[ZODB-Dev] Race condition in basestorage commit locks?

Christian Theune ct at gocept.com
Wed Oct 5 13:44:16 EDT 2005


Hi Tim,

Am Mittwoch, den 05.10.2005, 13:26 -0400 schrieb Tim Peters:
> I wouldn't call this "a race", because nothing here appears to be
> timing-dependent.  This is the code:

Right. I mixed up terminology. Sorry.

> raises an exception.  The code does seem to implicitly assume that neither
> of those _will_ raise an exception, and I agree the commit lock release
> belongs in the `finally` clause instead.
> 
> I'll change that, but doubt it will make a difference to you:  if either of
> those did raise an exception, I expect you would have seen a traceback.

Hmm. I don't know. At least the lock will have been gone away and the
system would have continued. It's just plainly stuck in that moment.
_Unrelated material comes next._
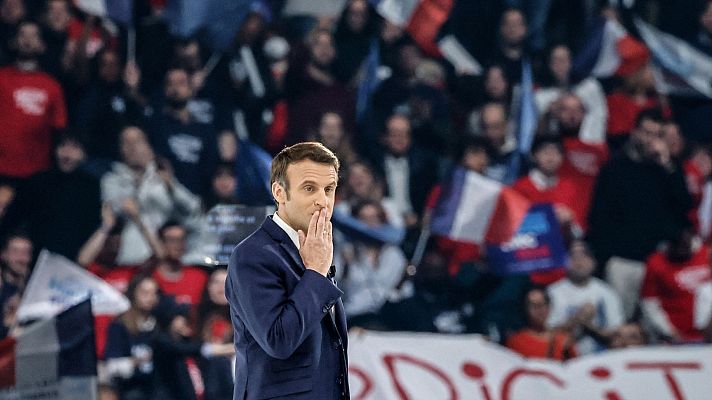 Informativo 24h - Macron se da un baño de masas en su único mitin de campaña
> This code doesn't _suppress_ exceptions, right?  I'd also look at the source
> code for whatever storages you're using, to see whether/how they override
> _abort() and/or _clear_temp().  If any of those _can_ raise exceptions, then
> (a) they probably ought to be changed so that they cannot; but, (b) that
> indeed could provoke BaseStorage.tpc_abort() into leaving the commit lock
> acquired.

The storage is ape and it simply loops over all kinds of "connections"
that it maintains on it's own (which i suppose to go to postgres in our
case, dunno if ape has anything additional around there). Ape does not
check for any errors in its _abort() though.
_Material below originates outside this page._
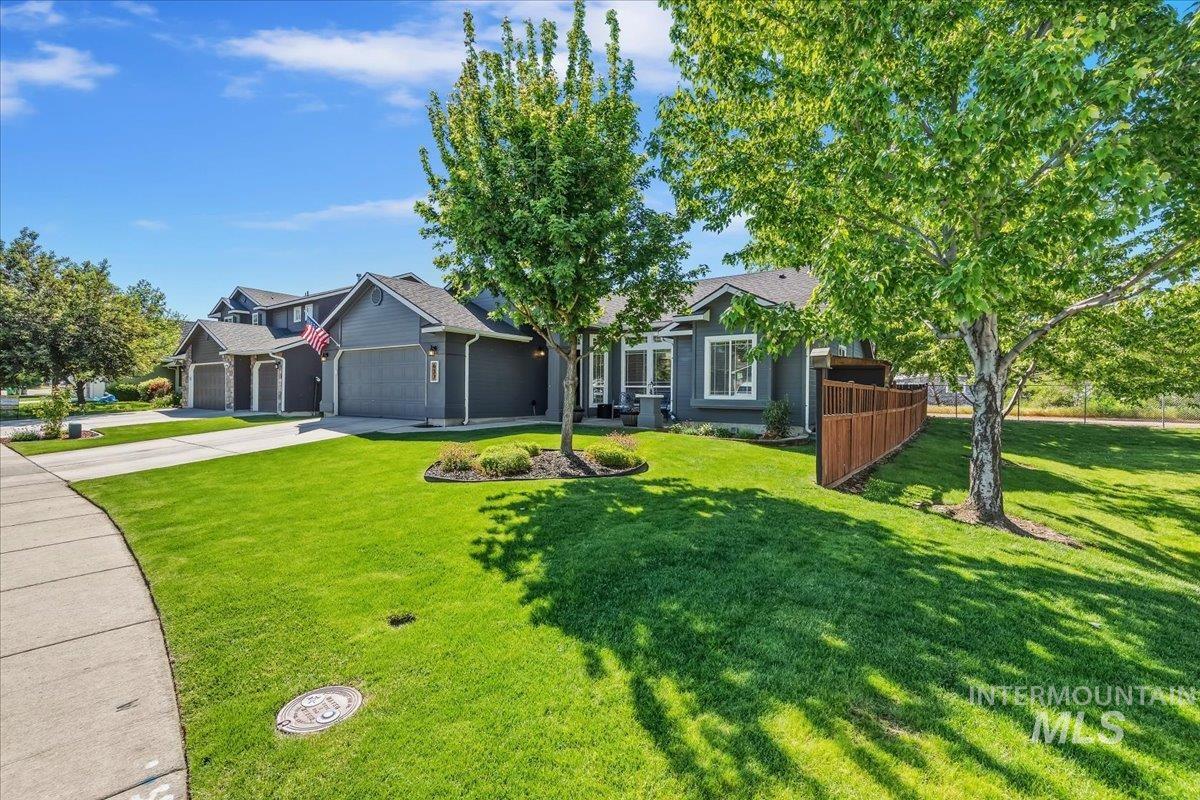 637 E Willow Brook Dr., Meridian, Idaho 83646, 3 Bedrooms, 2 Bathrooms, Residential For Sale, Price $427,000, 98986128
> > Additionally, we are using Ape running on a postgres backend, so this
> > might trigger some unusual side effects, maybe this possible race
> > condition.
> 
> It's also possible for storages (deriving from BaseStorage) to do their own
> unique things with the locks BaseStorage created.  That is, _just_ staring
> at BaseStorage doesn't tell us what the other stuff you're using may be
> doing with these locks.  For example, FileStorage mucks with the commit lock
> too, to give packing a way to block commits during the final copy.
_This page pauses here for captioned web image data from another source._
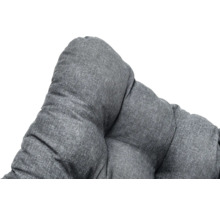 Šedý sedák na židli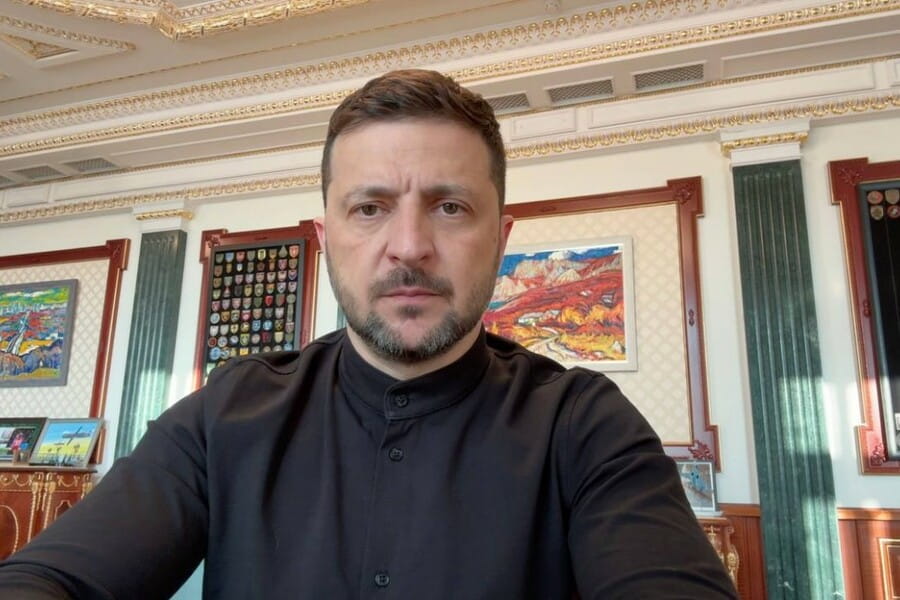 Кожен наш підрозділ, який успішно виконує завдання на своєму напрямку, береже всю державу – звернення Президента Кожен наш підрозділ, який успішно виконує завдання на своєму напрямку, береже всю державу – звернення Президента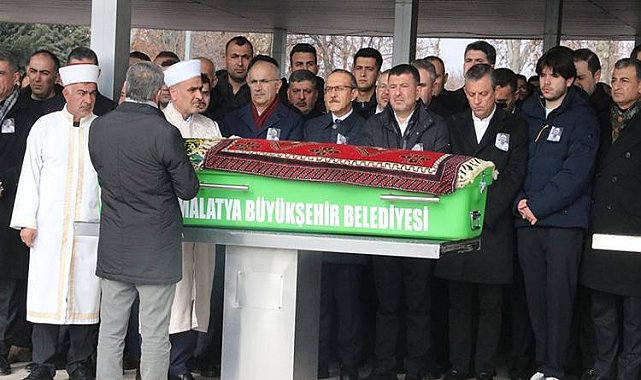 CHP Genel Başkanı Özel, Veli Ağbaba'nın babasının cenazesine katıldı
Ape doesn't do anything to _commit_lock as far as I can tell.

> > (If someone has another suspicion where this hang might come from, I'm
> > all your's to listen)
> 
> As above, FileStorage can block commits "for a long time" if a pack is going
> on.  That's not really a hang, but can _appear_ to be a hang until packing
> completes.  There's no evidence in your msg that packing was going on,
> though.

Yup. Definitely no pack around. We're using a non-undoable storage for
the write-part of the ZODB anyway.

> Another possibility is that some path thru the code calls tpc_begin on a
> storage but never calls tpc_finish or tpc_abort on that storage.  Then the
> storage's commit lock will remain acquired forever.  For example, did the
> following msg show up in your logs?
> 
>             LOG('ZODB', PANIC,
>                 "A storage error occurred in the last phase of a "
>                 "two-phase commit.  This shouldn\'t happen. "
>                 "The application will not be allowed to commit "
>                 "until the site/storage is reset by a restart. ",
>                 error=sys.exc_info())
> 
> Or this one?
> 
>                 LOG('ZODB', ERROR,
>                     "A storage error occured during object abort. This "
>                     "shouldn't happen. ", error=sys.exc_info())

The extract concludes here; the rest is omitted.